Volgens de Spaanse autoriteiten waren de verstoringen als gevolg van het van kracht worden van de wet aanzienlijk en aantoonbaar.
b) Bouw van een nieuwe uitrustingshaven
Volgens de Spaanse autoriteiten had de bouw van de nieuwe uitrustingshaven door de autoriteiten van de haven van Bilbao ( de eigenaren van het terrein waarop Zamacona werkzaam is) het werkprogramma van de scheepswerf ernstig verstoord. Zamacona beweert dat, hoewel de bepalingen in de overeenkomst met de havenautoriteiten van 10 oktober 1991 geen precieze termijnen voor de voltooiing van de werkzaamheden of betreffende de precieze omvang ervan bevatten, het bedrijf mondeling de verzekering had gekregen dat de werkzaamheden vóór 30 april 1992 zouden zijn voltooid; in werkelijkheid vingen zij pas op 19 mei 1992 aan en waren zij pas op 4 mei 1993 voltooid; Bovendien werd de nieuwe haven pas in juni 1994 geheel operationeel, nadat de werf nog aanvullende werkzaamheden had uitgevoerd en de nodige installaties had laten aanbrengen (elektriciteit, water, gasreservoirs, kraan, brandbestrijdingsmiddelen, werkplaatsen enz.).
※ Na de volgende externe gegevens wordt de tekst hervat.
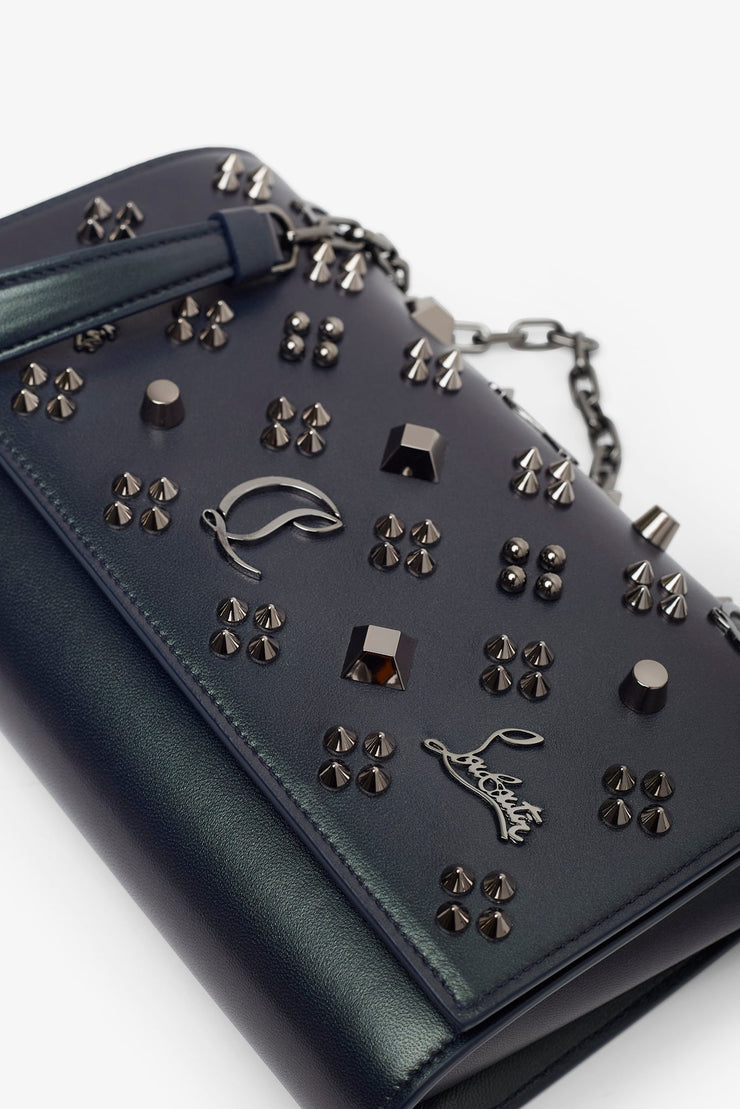 Paloma black leather clutch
Wat de gevolgen van de werkzaamheden voor het werkprogramma van Zamacona betreft, verliep de uitvoering daarvan als volgt: buitenmuren werden opgetrokken rond een terrein vlak naast de installaties van Zamacona; toen de bouw eenmaal was voltooid, werd het terrein opgevuld; een golfbreker, binnen de omtrek waarvan voorheen het uitrustingsterrein van de scheepswerf lag, werd vervolgens afgebroken en tenslotte werd de nieuwe haven gebouwd. Tijdens de bouw van de buitenmuren en de ophoogwerkzaamheden reden dagelijks veertig tot vijftig vrachtwagens over het terrein van de werf, waardoor de scheepsbouwwerkzaamheden werden vertraagd. Daarnaast moest ervoor worden gezorgd dat in de oude uitrustingshaven en op de belangrijkste scheepshelling steeds personeel aanwezig was, totdat de nieuwe haven gereed was, aangezien deze installaties toegang tot de werkplaats gaven en deel uitmaakten van het terrein waar de werkzaamheden plaatsvonden. Volgens Zamacona had dit tot gevolg, dat twee al in aanbouw zijnde schepen onder moeilijke omstandigheden moesten worden afgebouwd en de overige schepen op het droge, in de reparatiewerkplaats, moesten worden gebouwd.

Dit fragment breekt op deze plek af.